Web lists-archives.com

Re: [PATCH/RFC v2 0/9] Reduce pack-objects memory footprint




On Sat, Mar 03, 2018 at 09:46:57AM +0700, Nguyễn Thái Ngọc Duy wrote:
> The array of object_entry in pack-objects can take a lot of memory
> when pack-objects is run in "pack everything" mode. On linux-2.6.git,
> this array alone takes roughly 800MB.
> 
> This series reorders some fields and reduces field size... to keep
> this struct smaller. Its size goes from 136 bytes to 96 bytes (29%) on
> 64-bit linux and saves 260MB on linux-2.6.git.

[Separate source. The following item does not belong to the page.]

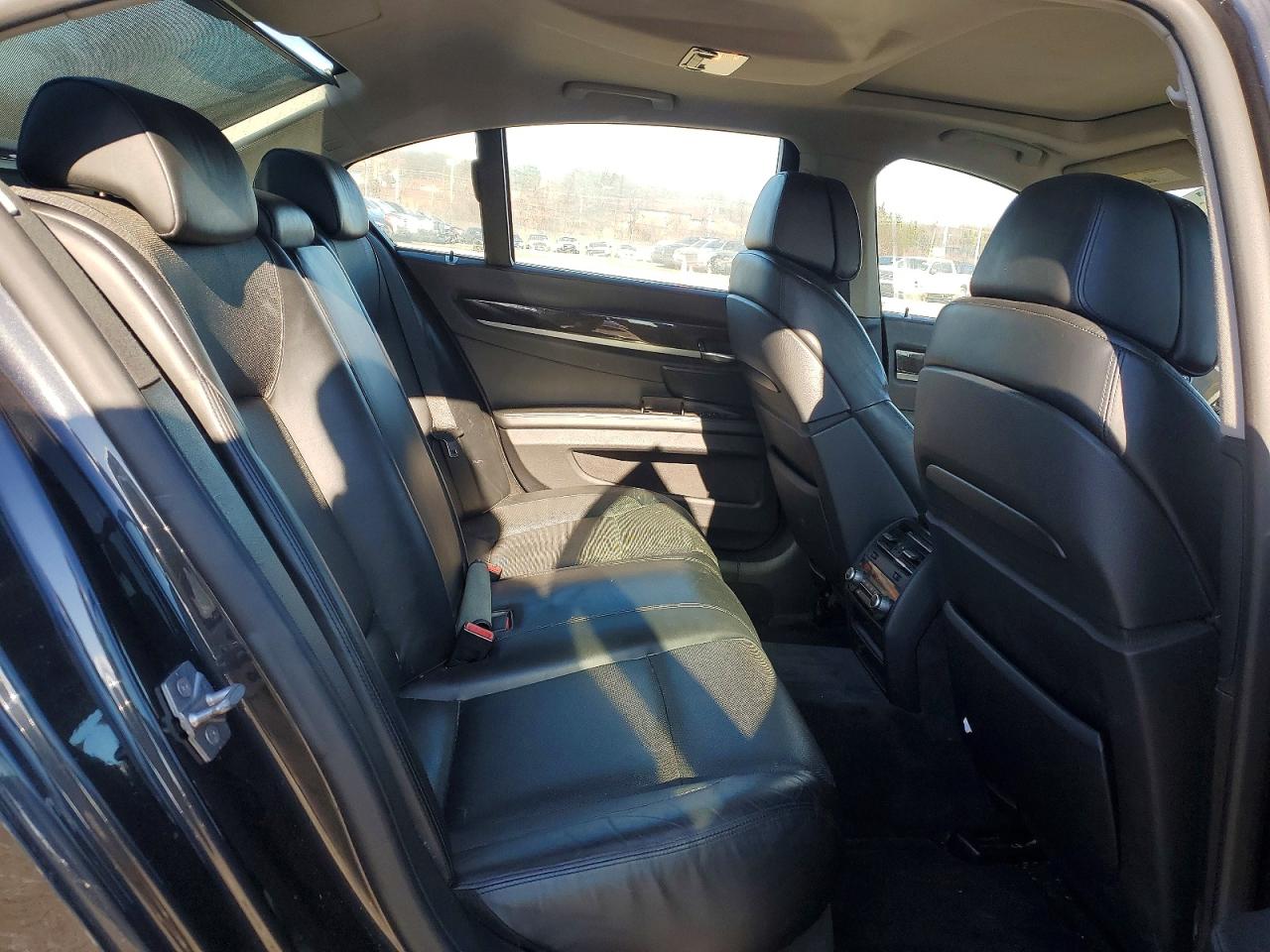 2012 BMW 750 XI photo 19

And I continue to push this until someone screams "enough is enough!".
This patch saves 4 more bytes. The trade off is, processing objects
with offset beyond 4 GB will be slower. But I think this is a reasonable
trade off.

The same trick could be done for "size" field in this struct
(i.e. uncompressed object size greater than 32 bits must be read back
from disk). Interestingly though, "size" is unsigned long which is 32
bits on Windows and nobody has complained about it so far, we could
even just unconditionally reject objects larger than 4GB.

-- 8< --
Subject: [PATCH] pack-objects: shrink in_pack_offset for 4GB pack files

If a pack file is smaller than 4GB, pack offsets should fit within 32
bits. If not (which is not considered a common case), this field
in_pack_location stores the object index instead (which still fits in 32
bits) and getting pack offset requires extra lookups through
nth_packed_object_offset() function call.

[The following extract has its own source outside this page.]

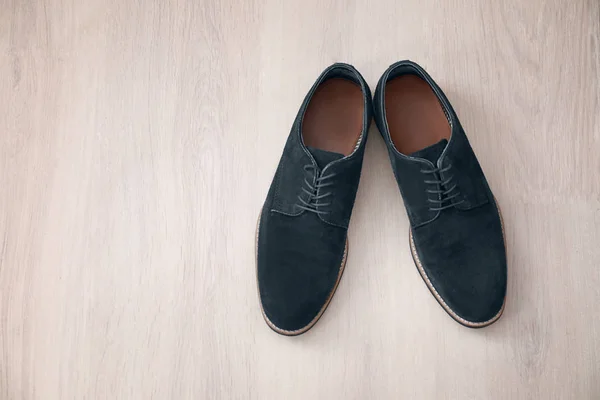 Zapatos masculinos elegantes —  Fotos de Stock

This saves us 4 bytes but lose it to padding until this struct is shrunk
further.

Signed-off-by: Nguyễn Thái Ngọc Duy <pclouds@xxxxxxxxx>
---
 builtin/pack-objects.c | 26 ++++++++++++++-----------
 pack-objects.h         | 44 ++++++++++++++++++++++++++++++++++++++++--
 2 files changed, 57 insertions(+), 13 deletions(-)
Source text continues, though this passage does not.